HOW TO COMPLETE THIS TASK → What lines of the data hold the string "Used"? Pull each one out.

INPUT: Begin

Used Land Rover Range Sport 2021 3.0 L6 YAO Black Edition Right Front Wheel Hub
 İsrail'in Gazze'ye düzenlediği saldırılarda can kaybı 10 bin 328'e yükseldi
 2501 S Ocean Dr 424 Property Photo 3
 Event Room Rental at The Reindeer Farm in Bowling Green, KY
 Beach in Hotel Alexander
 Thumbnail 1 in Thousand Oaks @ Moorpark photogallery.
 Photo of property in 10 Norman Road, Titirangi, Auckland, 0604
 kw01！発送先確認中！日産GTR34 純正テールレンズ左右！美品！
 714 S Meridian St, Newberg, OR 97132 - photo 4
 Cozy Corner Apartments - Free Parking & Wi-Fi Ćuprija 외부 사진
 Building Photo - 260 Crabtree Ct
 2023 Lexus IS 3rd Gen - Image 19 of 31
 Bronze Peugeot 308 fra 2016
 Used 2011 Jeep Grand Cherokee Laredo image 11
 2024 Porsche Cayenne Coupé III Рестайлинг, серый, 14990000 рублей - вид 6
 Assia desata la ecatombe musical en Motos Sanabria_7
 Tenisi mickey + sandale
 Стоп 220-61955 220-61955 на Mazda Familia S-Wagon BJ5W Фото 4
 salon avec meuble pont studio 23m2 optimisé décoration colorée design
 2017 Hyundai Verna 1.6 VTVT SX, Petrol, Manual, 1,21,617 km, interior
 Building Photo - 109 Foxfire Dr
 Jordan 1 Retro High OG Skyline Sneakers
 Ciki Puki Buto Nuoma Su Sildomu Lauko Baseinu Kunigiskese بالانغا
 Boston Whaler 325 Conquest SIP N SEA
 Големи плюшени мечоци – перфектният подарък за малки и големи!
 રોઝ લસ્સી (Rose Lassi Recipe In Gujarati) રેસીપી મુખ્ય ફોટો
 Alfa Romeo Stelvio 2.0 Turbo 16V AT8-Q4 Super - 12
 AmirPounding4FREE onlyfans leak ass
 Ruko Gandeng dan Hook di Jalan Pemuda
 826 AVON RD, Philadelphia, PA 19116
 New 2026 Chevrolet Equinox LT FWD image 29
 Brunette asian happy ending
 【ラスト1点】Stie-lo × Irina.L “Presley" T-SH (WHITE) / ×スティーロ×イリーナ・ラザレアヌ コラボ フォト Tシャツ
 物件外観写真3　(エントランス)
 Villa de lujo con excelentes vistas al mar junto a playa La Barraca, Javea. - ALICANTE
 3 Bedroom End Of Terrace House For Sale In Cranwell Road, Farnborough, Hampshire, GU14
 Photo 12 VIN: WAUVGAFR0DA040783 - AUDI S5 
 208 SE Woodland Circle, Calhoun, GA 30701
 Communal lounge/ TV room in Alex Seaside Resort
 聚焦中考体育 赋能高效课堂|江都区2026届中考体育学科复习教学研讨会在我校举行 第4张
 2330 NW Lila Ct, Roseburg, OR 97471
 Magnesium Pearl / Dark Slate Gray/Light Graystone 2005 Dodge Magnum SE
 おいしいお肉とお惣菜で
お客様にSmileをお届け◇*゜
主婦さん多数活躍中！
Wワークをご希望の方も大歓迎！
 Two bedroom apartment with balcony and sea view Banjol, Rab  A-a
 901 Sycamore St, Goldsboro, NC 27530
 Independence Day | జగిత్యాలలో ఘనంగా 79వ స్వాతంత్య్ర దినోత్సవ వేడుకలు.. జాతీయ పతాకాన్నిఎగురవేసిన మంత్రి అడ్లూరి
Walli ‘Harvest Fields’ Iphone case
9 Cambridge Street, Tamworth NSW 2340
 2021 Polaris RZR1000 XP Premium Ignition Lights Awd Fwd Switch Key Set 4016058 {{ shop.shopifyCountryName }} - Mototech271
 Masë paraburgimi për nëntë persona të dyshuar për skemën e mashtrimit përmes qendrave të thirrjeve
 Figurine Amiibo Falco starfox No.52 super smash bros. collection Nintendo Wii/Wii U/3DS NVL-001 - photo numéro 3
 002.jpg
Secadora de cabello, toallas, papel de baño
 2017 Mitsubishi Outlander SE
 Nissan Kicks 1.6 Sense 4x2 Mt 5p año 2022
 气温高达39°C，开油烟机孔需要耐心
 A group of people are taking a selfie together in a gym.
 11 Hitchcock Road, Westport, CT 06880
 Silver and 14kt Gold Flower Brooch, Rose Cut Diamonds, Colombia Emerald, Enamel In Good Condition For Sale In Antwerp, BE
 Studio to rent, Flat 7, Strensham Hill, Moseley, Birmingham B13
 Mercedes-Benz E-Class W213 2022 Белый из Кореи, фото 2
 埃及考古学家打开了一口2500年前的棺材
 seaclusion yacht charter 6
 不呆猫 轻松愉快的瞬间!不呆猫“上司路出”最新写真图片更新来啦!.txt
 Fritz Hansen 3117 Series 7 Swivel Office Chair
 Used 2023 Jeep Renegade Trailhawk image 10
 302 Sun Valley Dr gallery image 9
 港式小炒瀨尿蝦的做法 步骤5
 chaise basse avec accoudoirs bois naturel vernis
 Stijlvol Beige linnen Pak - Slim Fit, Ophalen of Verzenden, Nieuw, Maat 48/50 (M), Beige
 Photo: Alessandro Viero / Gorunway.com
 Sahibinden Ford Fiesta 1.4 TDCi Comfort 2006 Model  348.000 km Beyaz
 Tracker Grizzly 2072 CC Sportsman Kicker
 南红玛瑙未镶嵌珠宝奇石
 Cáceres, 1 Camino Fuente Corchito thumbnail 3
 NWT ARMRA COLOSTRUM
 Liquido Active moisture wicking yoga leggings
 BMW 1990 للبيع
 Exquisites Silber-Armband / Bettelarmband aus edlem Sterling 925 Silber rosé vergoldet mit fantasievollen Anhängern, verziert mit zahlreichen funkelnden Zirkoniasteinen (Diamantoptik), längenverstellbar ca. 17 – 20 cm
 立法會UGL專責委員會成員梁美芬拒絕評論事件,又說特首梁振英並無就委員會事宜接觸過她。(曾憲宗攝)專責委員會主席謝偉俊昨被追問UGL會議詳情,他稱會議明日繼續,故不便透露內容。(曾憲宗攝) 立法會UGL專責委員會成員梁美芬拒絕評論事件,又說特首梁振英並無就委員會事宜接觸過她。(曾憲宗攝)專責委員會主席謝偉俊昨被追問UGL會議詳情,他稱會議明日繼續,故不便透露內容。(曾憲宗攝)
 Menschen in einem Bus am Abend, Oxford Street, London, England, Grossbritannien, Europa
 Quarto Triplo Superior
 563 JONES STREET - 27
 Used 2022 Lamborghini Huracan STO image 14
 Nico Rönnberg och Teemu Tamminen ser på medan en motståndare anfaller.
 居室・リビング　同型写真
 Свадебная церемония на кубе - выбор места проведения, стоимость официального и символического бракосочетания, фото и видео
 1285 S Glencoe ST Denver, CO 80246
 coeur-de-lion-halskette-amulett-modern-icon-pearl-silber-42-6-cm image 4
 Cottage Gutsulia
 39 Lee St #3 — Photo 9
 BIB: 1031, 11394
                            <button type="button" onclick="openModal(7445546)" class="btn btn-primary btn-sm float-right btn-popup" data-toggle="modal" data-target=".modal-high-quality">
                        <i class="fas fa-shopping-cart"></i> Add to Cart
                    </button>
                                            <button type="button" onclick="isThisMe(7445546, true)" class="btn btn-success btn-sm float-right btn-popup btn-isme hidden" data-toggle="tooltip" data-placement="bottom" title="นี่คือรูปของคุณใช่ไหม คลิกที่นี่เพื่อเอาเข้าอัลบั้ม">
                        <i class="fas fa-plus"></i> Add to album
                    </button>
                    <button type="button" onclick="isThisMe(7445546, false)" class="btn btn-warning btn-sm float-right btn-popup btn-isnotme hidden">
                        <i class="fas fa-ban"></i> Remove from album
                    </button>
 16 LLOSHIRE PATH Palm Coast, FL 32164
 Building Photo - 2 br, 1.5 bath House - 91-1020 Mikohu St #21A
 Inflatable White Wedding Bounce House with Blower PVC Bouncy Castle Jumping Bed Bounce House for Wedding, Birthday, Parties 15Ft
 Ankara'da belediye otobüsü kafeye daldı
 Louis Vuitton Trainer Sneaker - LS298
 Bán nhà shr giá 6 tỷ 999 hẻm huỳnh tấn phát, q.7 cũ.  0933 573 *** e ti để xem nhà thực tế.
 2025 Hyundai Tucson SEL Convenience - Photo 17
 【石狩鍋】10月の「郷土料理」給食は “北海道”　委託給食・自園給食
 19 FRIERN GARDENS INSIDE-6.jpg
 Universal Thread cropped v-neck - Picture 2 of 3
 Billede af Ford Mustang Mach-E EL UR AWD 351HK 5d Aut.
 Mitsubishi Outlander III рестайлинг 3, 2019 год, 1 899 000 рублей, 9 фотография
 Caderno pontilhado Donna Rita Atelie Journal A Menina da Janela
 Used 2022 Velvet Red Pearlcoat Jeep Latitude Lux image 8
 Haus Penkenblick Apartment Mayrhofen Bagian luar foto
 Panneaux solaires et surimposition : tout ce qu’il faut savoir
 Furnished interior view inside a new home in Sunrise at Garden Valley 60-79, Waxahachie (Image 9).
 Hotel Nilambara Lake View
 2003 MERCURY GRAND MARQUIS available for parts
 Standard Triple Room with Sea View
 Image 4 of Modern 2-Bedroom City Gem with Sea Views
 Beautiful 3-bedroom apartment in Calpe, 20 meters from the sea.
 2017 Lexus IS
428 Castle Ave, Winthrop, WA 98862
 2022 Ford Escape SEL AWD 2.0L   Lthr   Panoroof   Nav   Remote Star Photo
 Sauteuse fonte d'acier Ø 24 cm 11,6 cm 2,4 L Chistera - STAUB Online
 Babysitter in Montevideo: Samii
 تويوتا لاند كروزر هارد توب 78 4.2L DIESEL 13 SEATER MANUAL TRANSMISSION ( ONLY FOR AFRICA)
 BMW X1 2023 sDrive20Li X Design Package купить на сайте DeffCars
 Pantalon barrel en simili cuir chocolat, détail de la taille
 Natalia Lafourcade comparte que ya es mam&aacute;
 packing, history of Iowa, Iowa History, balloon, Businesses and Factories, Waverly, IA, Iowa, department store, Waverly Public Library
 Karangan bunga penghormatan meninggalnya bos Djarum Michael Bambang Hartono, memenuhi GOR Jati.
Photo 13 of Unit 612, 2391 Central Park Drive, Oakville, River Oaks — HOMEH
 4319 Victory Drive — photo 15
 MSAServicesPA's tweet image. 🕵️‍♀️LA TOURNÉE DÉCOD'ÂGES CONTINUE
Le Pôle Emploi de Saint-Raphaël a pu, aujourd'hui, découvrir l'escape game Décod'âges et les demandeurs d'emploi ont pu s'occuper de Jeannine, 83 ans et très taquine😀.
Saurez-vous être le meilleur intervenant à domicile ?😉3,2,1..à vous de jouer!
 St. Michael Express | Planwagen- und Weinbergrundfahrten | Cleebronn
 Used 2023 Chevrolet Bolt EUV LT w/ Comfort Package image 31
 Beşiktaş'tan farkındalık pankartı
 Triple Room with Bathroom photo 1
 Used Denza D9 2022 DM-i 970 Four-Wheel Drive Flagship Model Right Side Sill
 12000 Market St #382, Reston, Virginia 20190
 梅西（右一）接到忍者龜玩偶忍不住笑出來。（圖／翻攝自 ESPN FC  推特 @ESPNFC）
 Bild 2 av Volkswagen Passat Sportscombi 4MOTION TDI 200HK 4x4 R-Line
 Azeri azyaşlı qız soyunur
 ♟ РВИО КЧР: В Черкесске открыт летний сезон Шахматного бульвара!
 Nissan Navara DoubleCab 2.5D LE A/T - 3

INPUT: End

REPLY →
Used Land Rover Range Sport 2021 3.0 L6 YAO Black Edition Right Front Wheel Hub
 Used 2011 Jeep Grand Cherokee Laredo image 11
 Used 2023 Jeep Renegade Trailhawk image 10
 Used 2022 Lamborghini Huracan STO image 14
 Used 2022 Velvet Red Pearlcoat Jeep Latitude Lux image 8
 Used 2023 Chevrolet Bolt EUV LT w/ Comfort Package image 31
 Used Denza D9 2022 DM-i 970 Four-Wheel Drive Flagship Model Right Side Sill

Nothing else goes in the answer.